Apesar do contato inicial ser mais difícil, o psicólogo Lucas Carvalho, do Projeto Quixote, acredita que a relação com uma criança residente da Cracolândia acaba sendo mais “profunda e verdadeira” do que com um menor de rua de outra região, justamente por ser mais difícil do que em outros lugares como é o caso do Vale do Anhangabaú.
Apontado como porta de entrada para os menores chegarem ao centro de São Paulo, no Anhangabaú, as abordagens iniciais costumam ser bem recebidas porque ali já é mais frequente a visita de entidades que ajudam crianças e adolescentes.
Segundo Carvalho, os menores que vivem na Cracolândia sofrem do que ele define como “desencanto”, uma perda tanto a alegria, como do próprio vigor físico. “O crack, diferente da cola e do tiner, é muito mais engessante”, conta o psicólogo para explicar o porquê da apatia dos envolvidos com essa droga.
Segundo ele, esse fenômeno dificulta o contato inicial, mas, quando a relação de confiança é estabelecida, tende a ser mais forte do que com outros jovens.
A diretora do Centro de Referência em Álcool, Tabaco e Outras Drogas, da Secretaria Estadual de Saúde de São Paulo, Luisemir Lago, acredita que mesmo as crianças e adolescentes com forte envolvimento com o crack podem ser reabilitados, desde que, além dos tratamento de saúde, exista também uma política de reinserção social.
No entanto, ela destacou que o uso continuado de uma droga tão potente pode comprometer as funções cerebrais desses jovens, que, por ainda não terem o organismo ainda completamente formado, estão mais sujeitos a ficarem dementes. “Ele [usuário de crack] não consegue depois render como um adolescente normal.”
Revitalização da Cracolândia pulveriza a região
A revitalização da Nova Luz, projeto da prefeitura de São Paulo, e as ações policiais nas ruas tomadas pelo crack estão “pulverizando” a Cracolândia, afirma o psicólogo do Projeto Quixote, Lucas Carvalho, que trabalha com jovens em situação de risco, no centro.
Chama-se de Cracolândia um conjunto de ruas no centro de São Paulo onde o crack é consumido e comercializado abertamente.
“A Cracolândia não está sumindo, está se fragmentando em diversos pontos da cidade”, alertou Carvalho, que fez a observação com base na sua experiência de trabalho com crianças e adolescentes pelas ruas da cidade.
Esse fenômeno, segundo ele, está facilitando o acesso das crianças a droga. “O crack está chegando mais perto delas [crianças], antes precisava ir até a Cracolândia [para conseguir crack]. Agora, a Cracolândia está por aí”, afirmou.
De acordo com a prefeitura, estão sendo concedidos incentivos fiscais para empresas que se mudem para a região, além de obras para alargar as calçadas e melhorar a iluminação.
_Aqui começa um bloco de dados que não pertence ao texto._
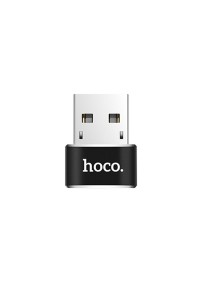 Hoco UA6 Tak Çalıştır USB to Type-C Dönüştürücü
Além disso, os hotéis usados por traficantes de crack estão sendo fechados.
A Polícia Militar atua ostensivamente nas ruas onde o crack é usado livremente, como verificou a reportagem da Agência Brasil, em visita à região. As abordagens aos usuários são frequentes. Nessas situações, a maioria deles foge correndo até a próxima esquina, riscando compulsivamente os isqueiros para manter os cachimbos acesos, enquanto se reagrupam em um outro quarteirão.
O vice-presidente da da Associação dos Moradores e Comerciantes do Bairro de Campos Elíseos (AMCCE), Nelson Barbosa, afirmou que os usuários da Nova Luz estão sendo “empurrados” para as regiões vizinhas.
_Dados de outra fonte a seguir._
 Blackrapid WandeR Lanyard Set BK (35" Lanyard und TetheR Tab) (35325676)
“Se hoje, eles [a prefeitura] chamam lá de Nova Luz, nós chamamos as outras regiões de nova Cracolândia. Essa região [nova Cracolândia] corresponde à Santa Ifigênia, aos Campos Elíseos, à Santa Cecília e também à região da Praça da República”, disse Barbosa.
A tendência de que a Cracolândia mude de endereço devido as ações policiais ocorre, segundo especialistas, porque “o problema não é o local, o problema são aquelas pessoas”. Segundo a psicofarmacóloga da Universidade Federal de São Paulo (Unifesp), Solange Nappo, caso os usuários de drogas sejam realmente expulsos do centro, outro ponto da cidade poderá ser dominado pelo crack. “Eles vão sair dali, vão para outro local e vão começar, aos poucos, a montar uma outra Cracolândia”,
A polícia está fazendo “a sua parte” para combater o problema do crack, defende o comandante do 13º Batalhão de Polícia Militar, tenente-coronel Osni Rodrigues de Souza. Ele destacou que a polícia realiza operações diárias, com foco principalmente no tráfico de drogas.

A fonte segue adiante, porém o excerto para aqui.